Available records —
►

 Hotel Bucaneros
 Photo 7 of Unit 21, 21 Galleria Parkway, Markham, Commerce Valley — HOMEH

◄
►

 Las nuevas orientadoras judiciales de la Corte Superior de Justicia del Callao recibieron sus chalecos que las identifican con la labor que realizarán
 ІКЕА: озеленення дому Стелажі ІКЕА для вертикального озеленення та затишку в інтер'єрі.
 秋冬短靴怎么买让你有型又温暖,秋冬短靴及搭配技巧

◄

Problem —
Copy word for word the stretch of entries above from the line that has "ІКЕА: озеленення дому" through the line that has "秋冬短靴怎么买让你有型又温暖,秋冬短靴及搭配技巧", both ends included, and nothing outside it.

Output —
 ІКЕА: озеленення дому Стелажі ІКЕА для вертикального озеленення та затишку в інтер'єрі.
 秋冬短靴怎么买让你有型又温暖,秋冬短靴及搭配技巧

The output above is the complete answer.